▶ What you will do
Without including any pictures, copy every line below exactly.
───── Data excerpts ─────
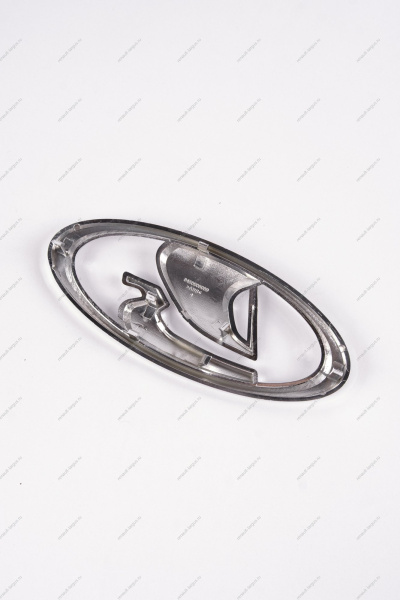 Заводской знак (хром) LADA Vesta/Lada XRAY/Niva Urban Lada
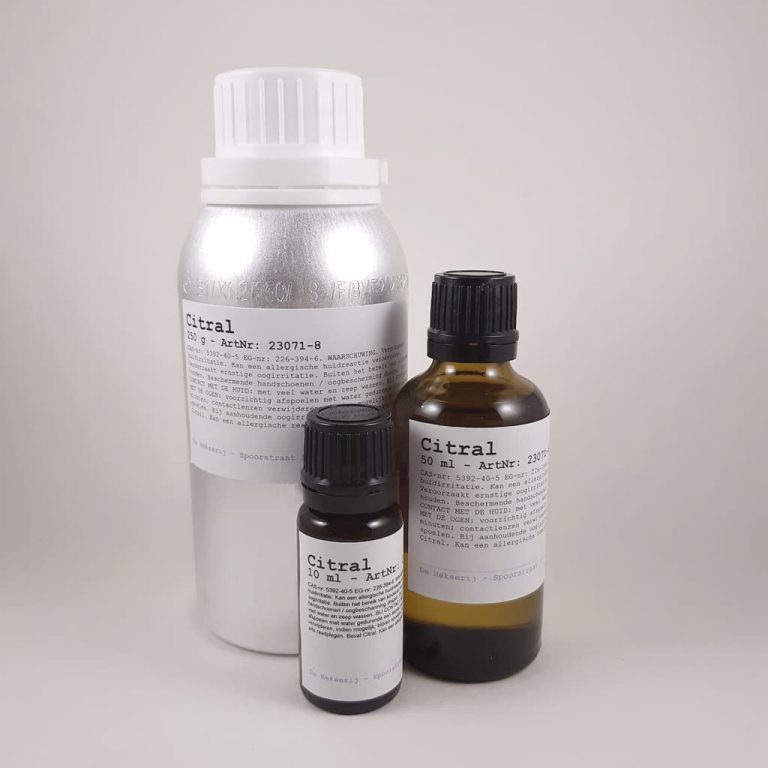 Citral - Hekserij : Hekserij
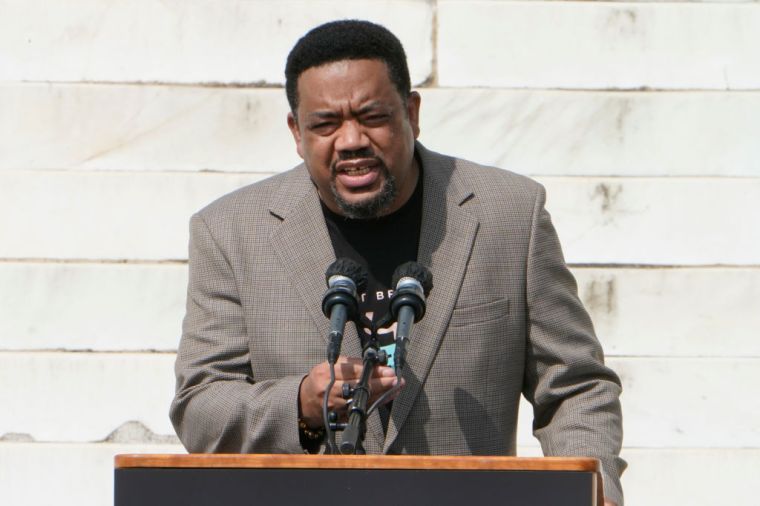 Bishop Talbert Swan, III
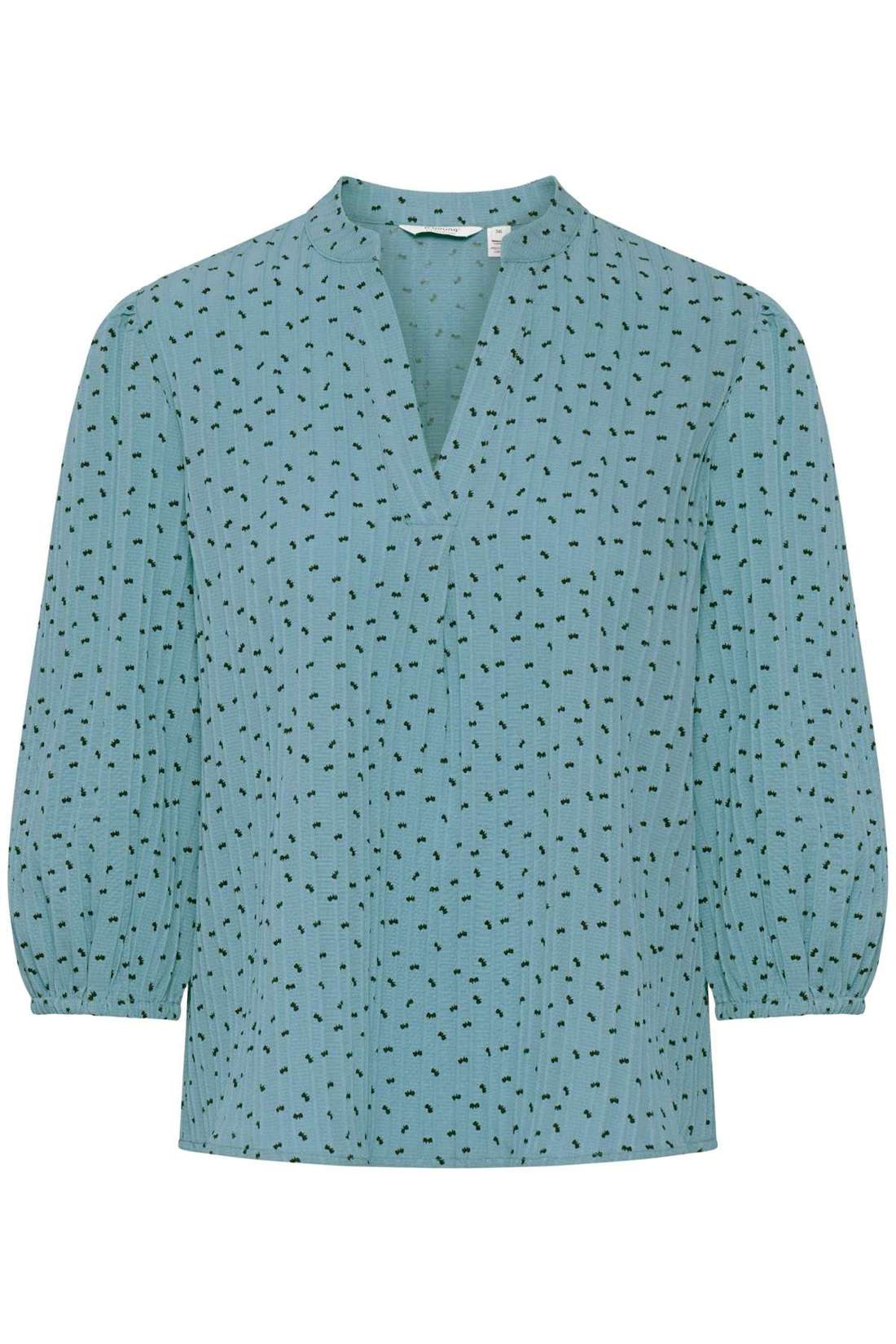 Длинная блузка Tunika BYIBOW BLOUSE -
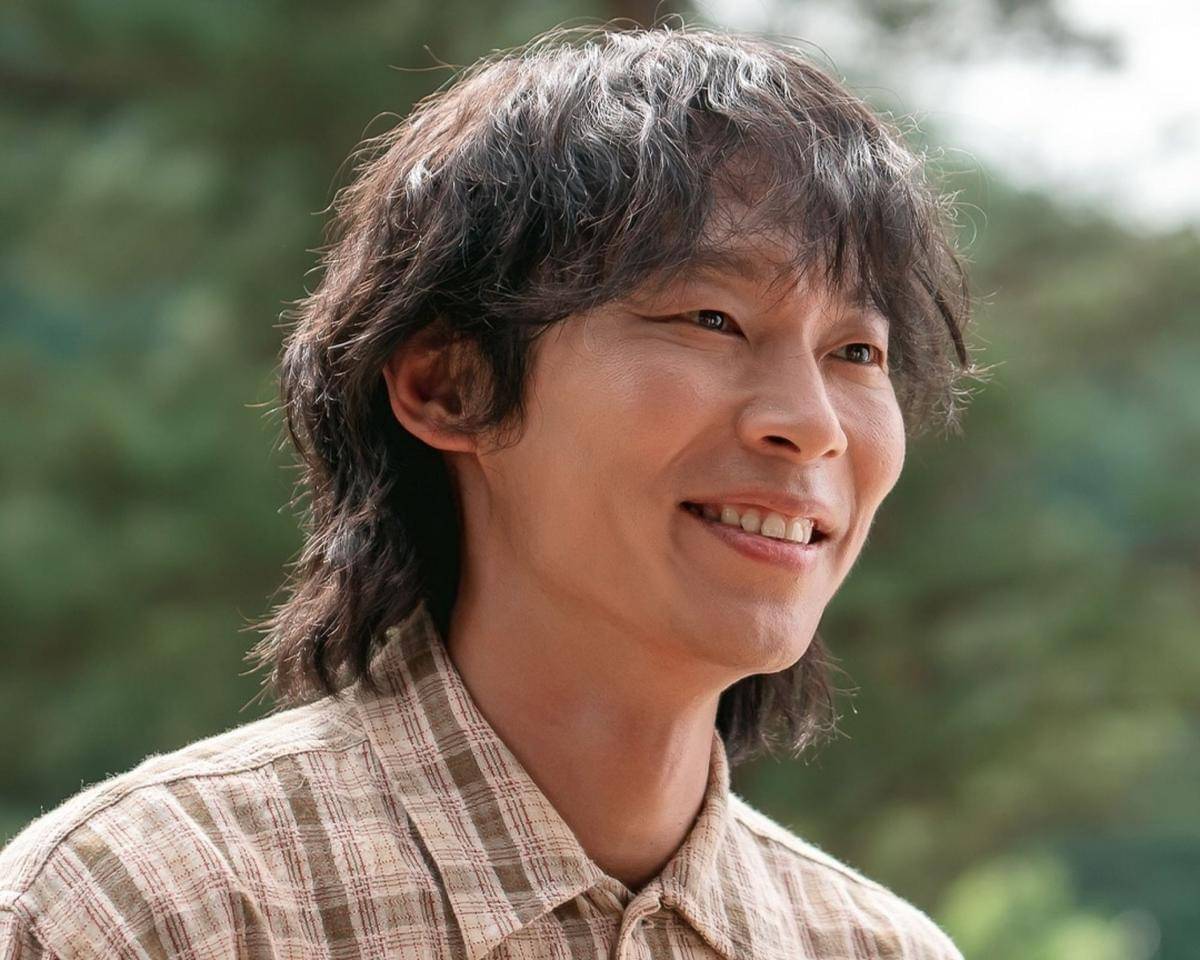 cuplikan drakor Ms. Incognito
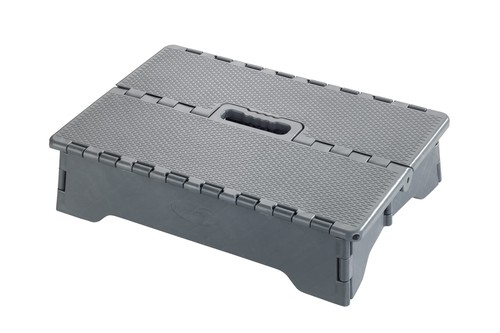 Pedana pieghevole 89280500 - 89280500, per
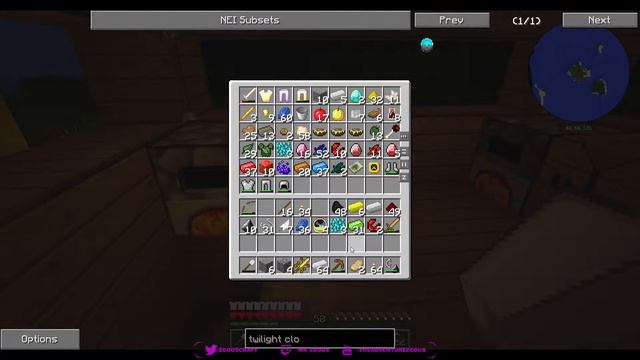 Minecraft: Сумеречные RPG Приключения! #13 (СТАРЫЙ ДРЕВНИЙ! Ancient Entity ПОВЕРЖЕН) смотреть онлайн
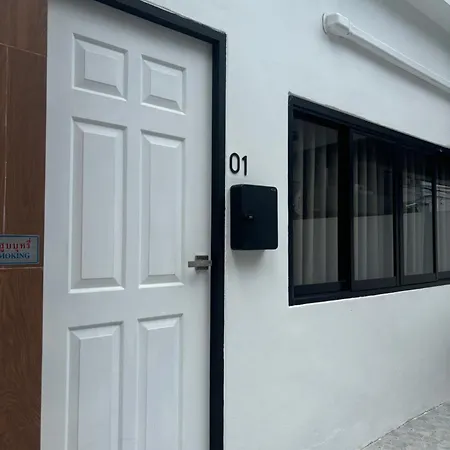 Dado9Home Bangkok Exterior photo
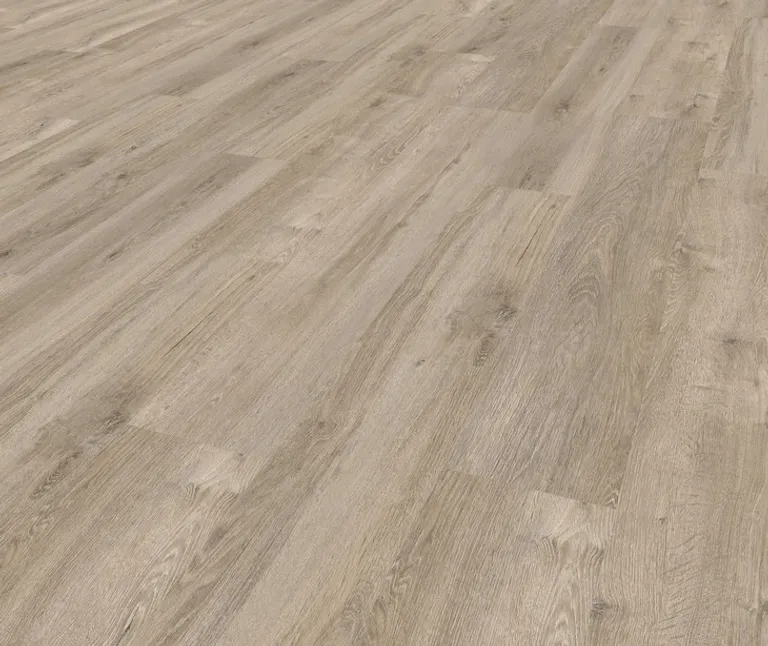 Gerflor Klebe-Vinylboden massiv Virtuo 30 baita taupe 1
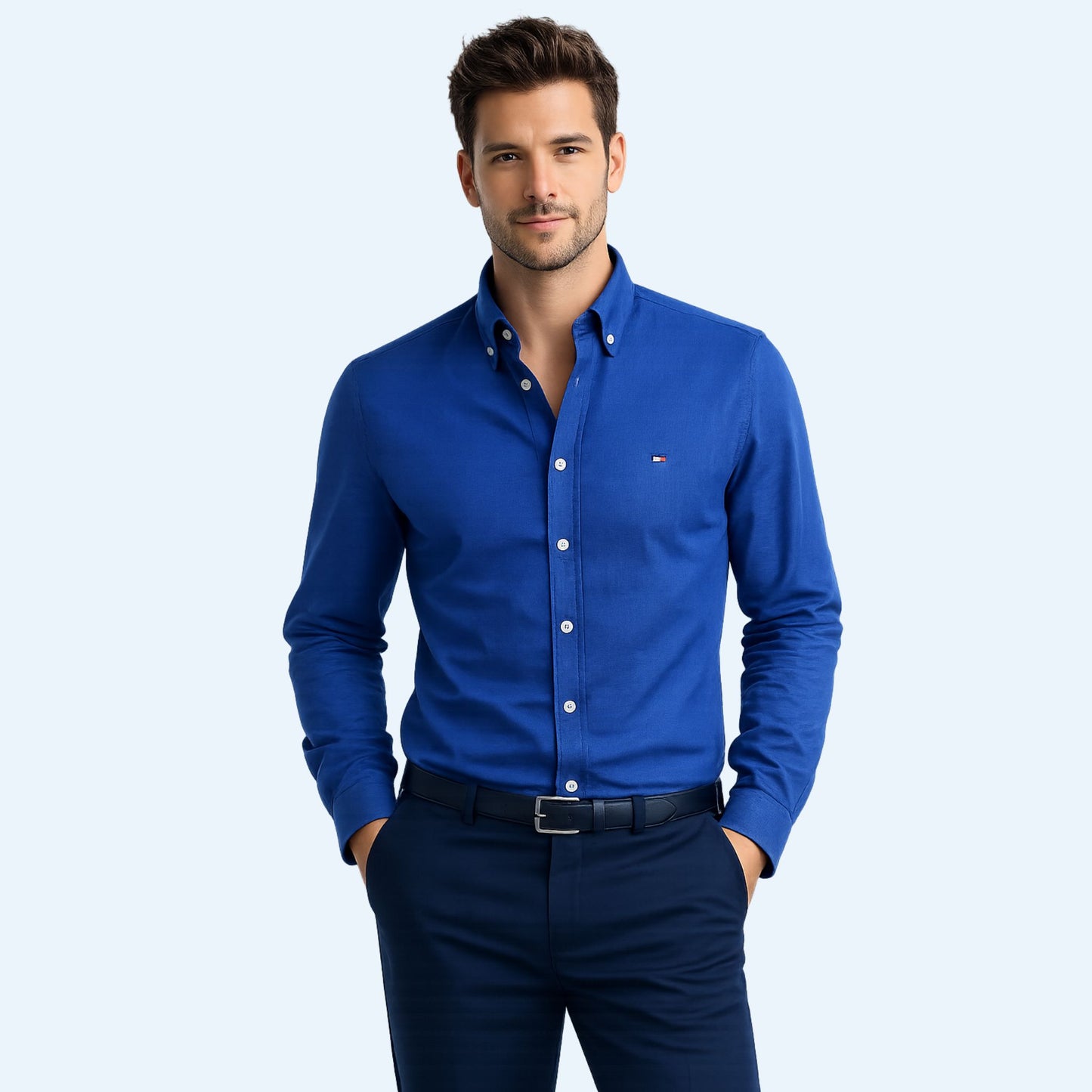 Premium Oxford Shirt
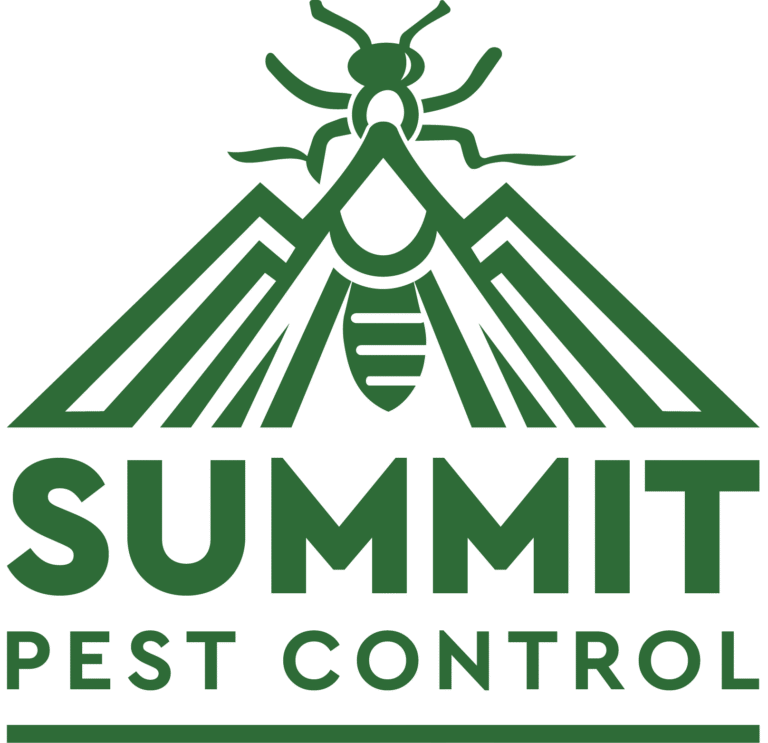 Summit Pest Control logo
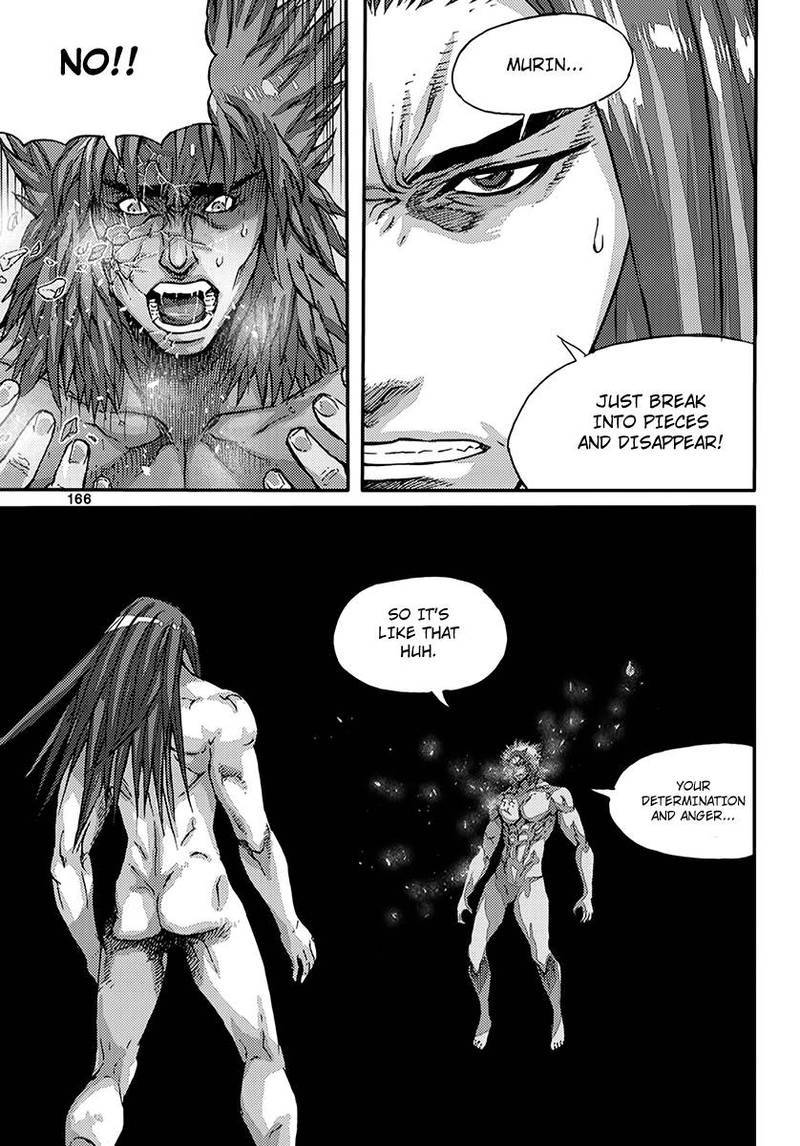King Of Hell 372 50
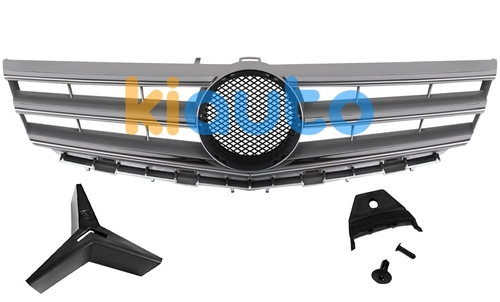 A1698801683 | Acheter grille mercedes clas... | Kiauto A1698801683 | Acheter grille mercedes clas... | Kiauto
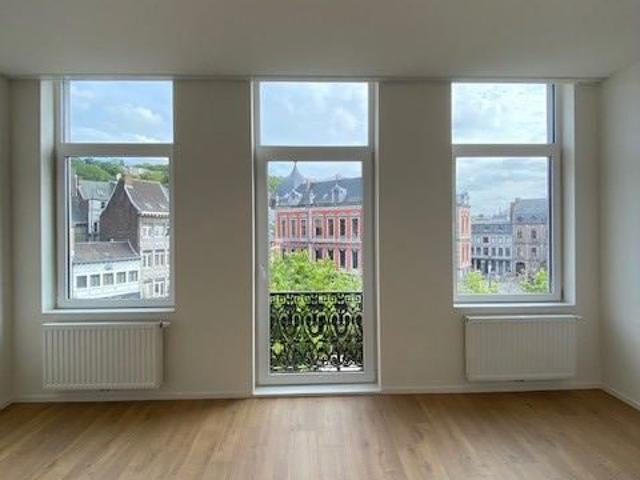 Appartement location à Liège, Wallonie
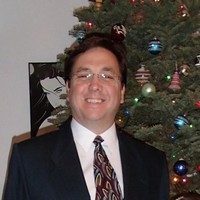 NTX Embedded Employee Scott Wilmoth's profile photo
─────
▶ Answer to this problem
 Заводской знак (хром) LADA Vesta/Lada XRAY/Niva Urban Lada
 Citral - Hekserij : Hekserij
 Bishop Talbert Swan, III
 Длинная блузка Tunika BYIBOW BLOUSE -
 cuplikan drakor Ms. Incognito
 Pedana pieghevole 89280500 - 89280500, per
 Minecraft: Сумеречные RPG Приключения! #13 (СТАРЫЙ ДРЕВНИЙ! Ancient Entity ПОВЕРЖЕН) смотреть онлайн
 Dado9Home Bangkok Exterior photo
 Gerflor Klebe-Vinylboden massiv Virtuo 30 baita taupe 1
 Premium Oxford Shirt
 Summit Pest Control logo
King Of Hell 372 50
 A1698801683 | Acheter grille mercedes clas... | Kiauto A1698801683 | Acheter grille mercedes clas... | Kiauto
 Appartement location à Liège, Wallonie
 NTX Embedded Employee Scott Wilmoth's profile photo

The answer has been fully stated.